Presumably they have exactly the same number plate reading technology that is in use in Victoria. They can very readily differentiate between vehicles that should be there, or those that are interlopers.
Can it? In an ideal world the system would be able to have filters set easily and provide different screens showing the results.
Meanwhile back in the grand bureaucracy of committee land - the reality is sadly often the reverse to common sense.
I know the NSW system used to be mostly turned off in patrol cars because it would sound alerts constantly no matter what street/road they drove down. Hopefully it has been improved in the last four years - but last time I asked the intelligence unit that was still the same.

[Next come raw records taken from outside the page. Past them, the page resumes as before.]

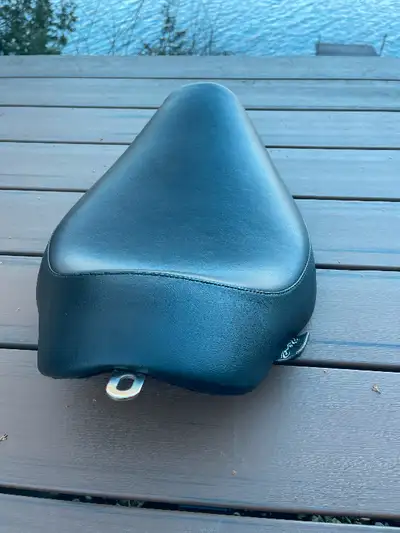 Je vend une selle Pera dans un état quasiment peu utiliser de mon cote qui était installer sur mon H...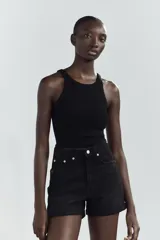 Bermuda de jean negro, tiro alto, corte mom fit, con trabillas y cinco bolsillos.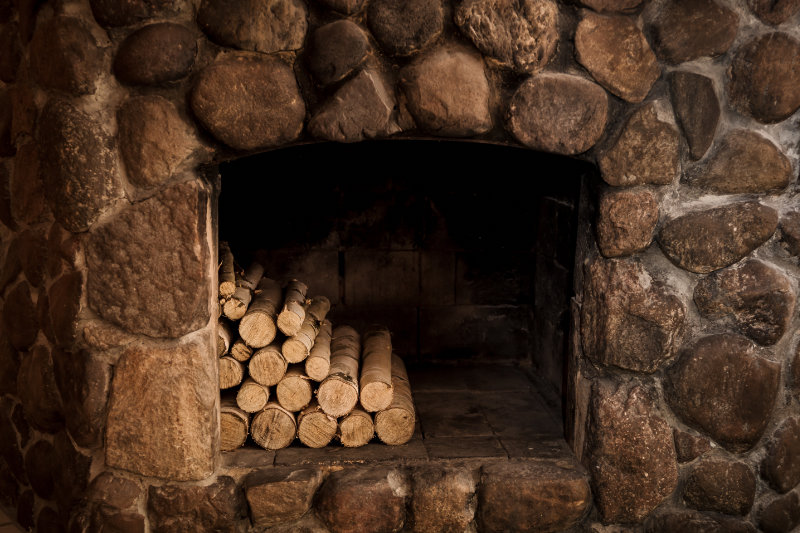 Stockage de bois de chauffage en intérieur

It detects any outstanding issues such as unpaid parking/speeding fines, bail alerts, people of interest, stolen cars, registration lapsed etc etc.
But on addresses - unless you have a ring of steel then the cars can be going by in 2 or 3 lanes every fraction of a second. There is not enough time to read an address let alone be able to know where it is exactly.
For example, Highway Patrol cover more than a small local area. I admit, if I was in a Highway Patrol car on the other side of Sydney then I would not know maybe 70% of the address locations coming up on a screen as the cars pass by. Then add in reaction time.
The only way to accurately stop people leaving is to have a checkpoint. In regional NSW and other States because they don't have the police resources provided to them - many local Councils have dumped piles of earth/sand to block all but one or two inter-state access roads. Thanks to too many 4wds - one Council was reported recently spending a few thousand to get rocks trucked in to make it harder to force through.